*Task brief*
Without any of the pictures, set down the data below exactly.

*Data records*
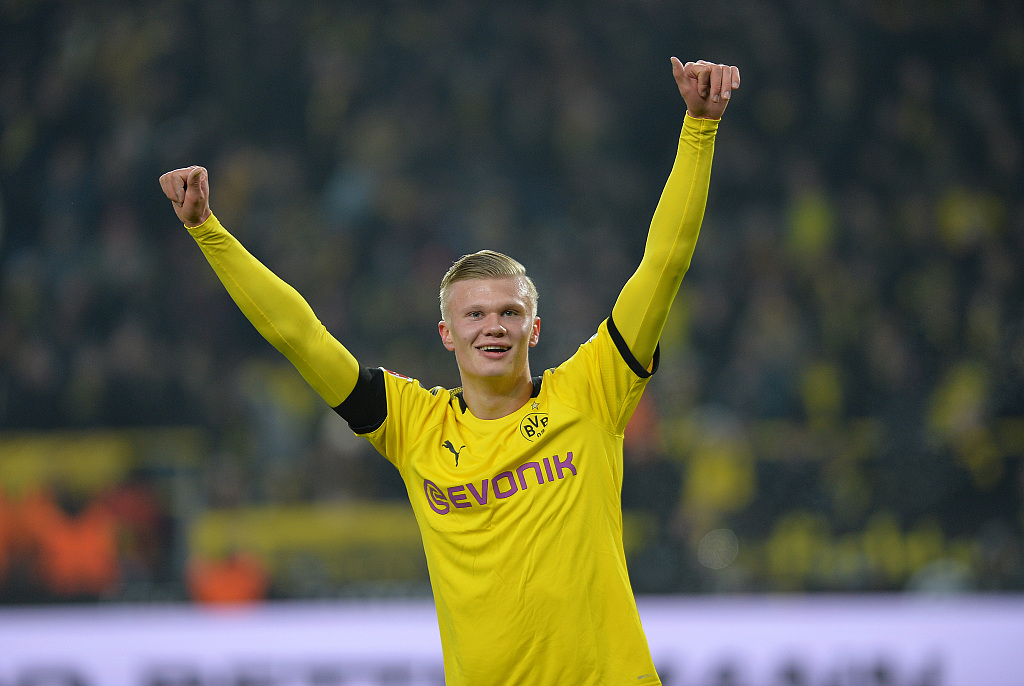 湖人伤病更新：詹姆斯确认今日可出战76人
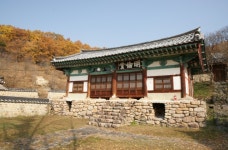 많은 유생들의 흔적이 남아있는 비안향교,경상북도 의성군,문화,여행기사,트래블아이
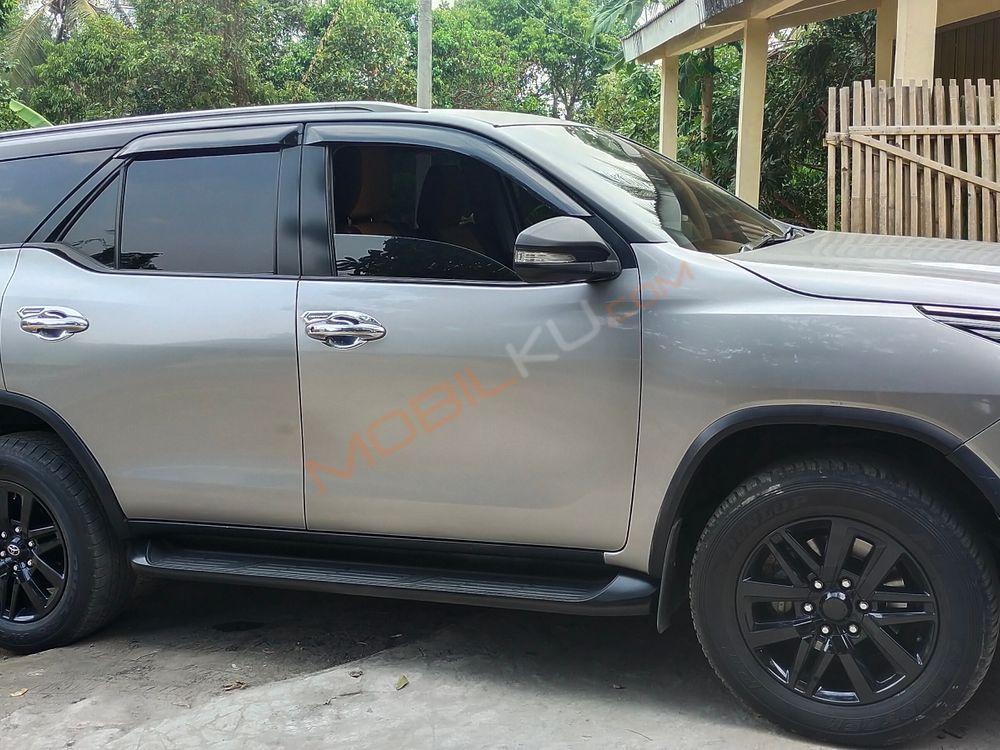 Mobil Toyota Fortuner 2016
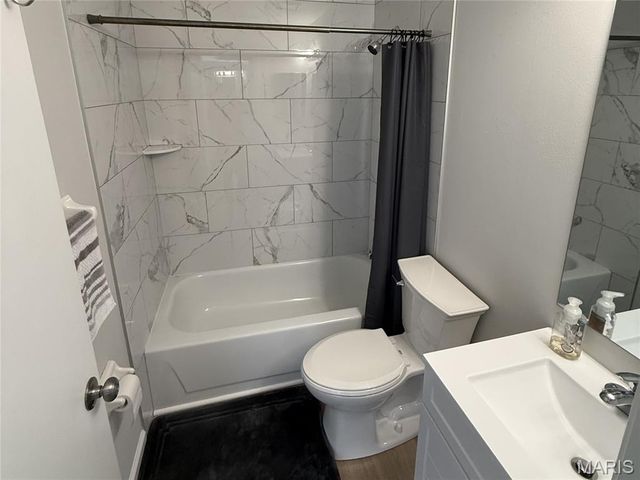 4333 Arrow Tree Drive L, St Louis, MO 63128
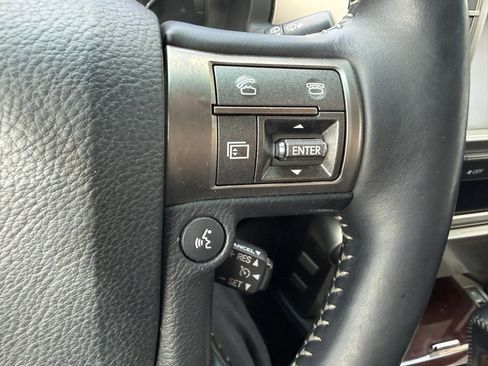 Used 2011 Lexus GX 460 Premium image 23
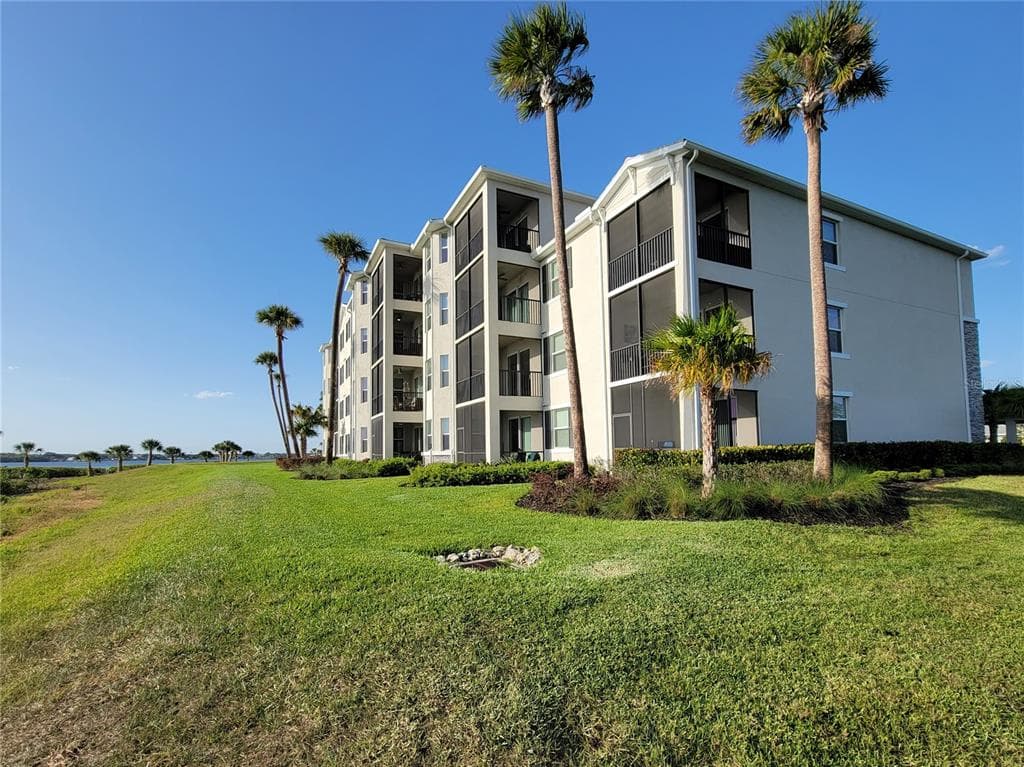 850 TIDEWATER SHORES LOOP UNIT 303 BRADENTON, FL 34208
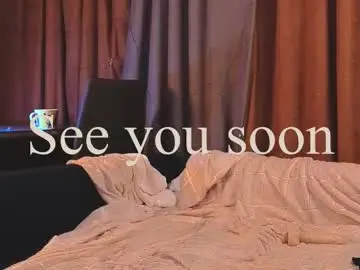 Chaturbate Live Sex Cam of lessyluiz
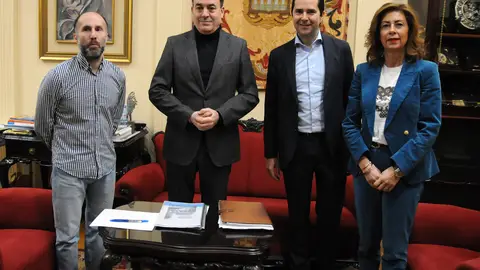 Reunión de Roman Rodriguez, có alcalde de Ourense Reunión de Roman Rodriguez, có alcalde de Ourense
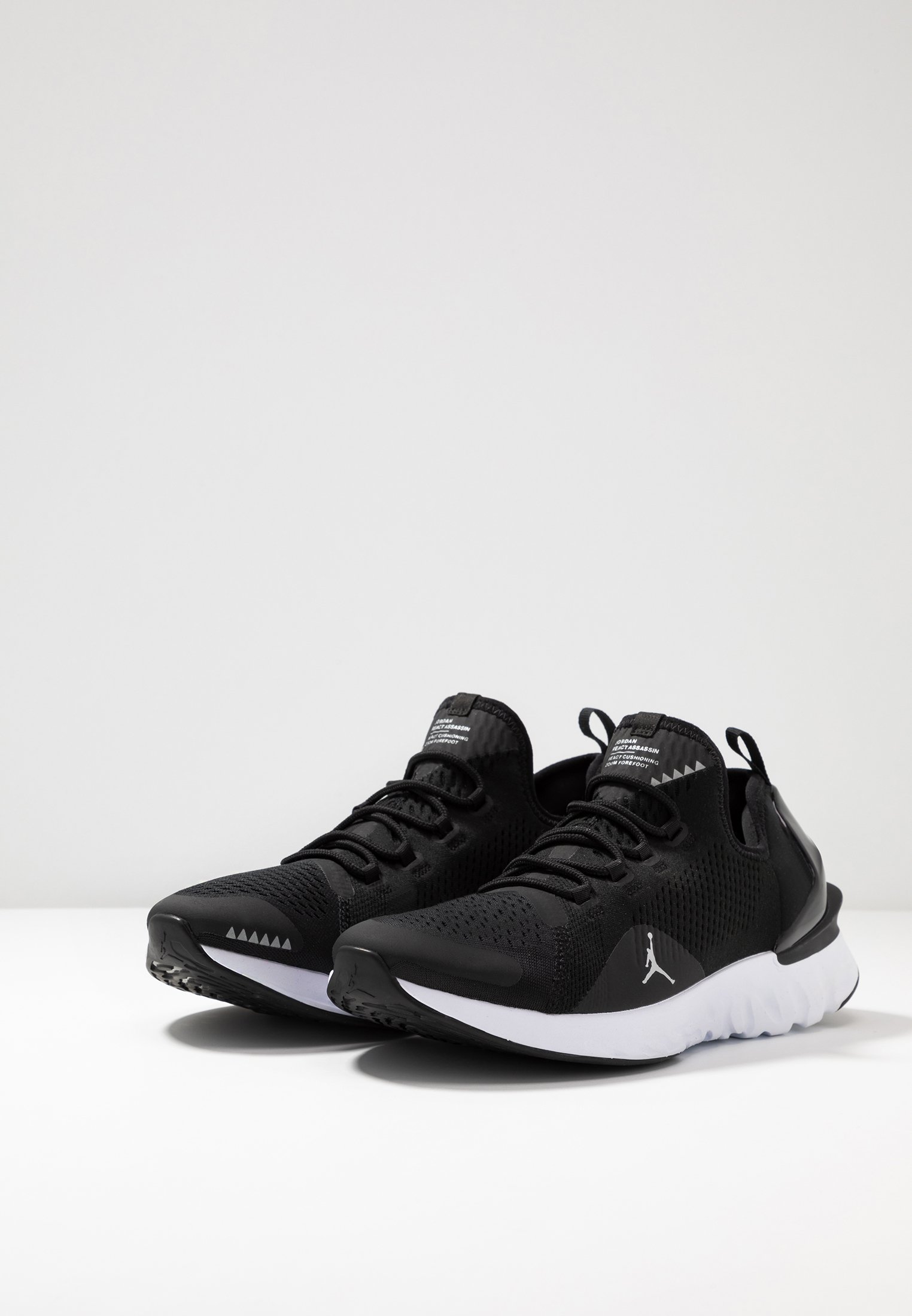 Jordan REACT ASSASSIN Basketballsko blackmetallic Jordan REACT ASSASSIN Basketballsko gym redwhiteblack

*Output*
 湖人伤病更新：詹姆斯确认今日可出战76人
 많은 유생들의 흔적이 남아있는 비안향교,경상북도 의성군,문화,여행기사,트래블아이
 Mobil Toyota Fortuner 2016
 4333 Arrow Tree Drive L, St Louis, MO 63128
 Used 2011 Lexus GX 460 Premium image 23
 850 TIDEWATER SHORES LOOP UNIT 303 BRADENTON, FL 34208
 Chaturbate Live Sex Cam of lessyluiz
 Reunión de Roman Rodriguez, có alcalde de Ourense Reunión de Roman Rodriguez, có alcalde de Ourense
 Jordan REACT ASSASSIN Basketballsko blackmetallic Jordan REACT ASSASSIN Basketballsko gym redwhiteblack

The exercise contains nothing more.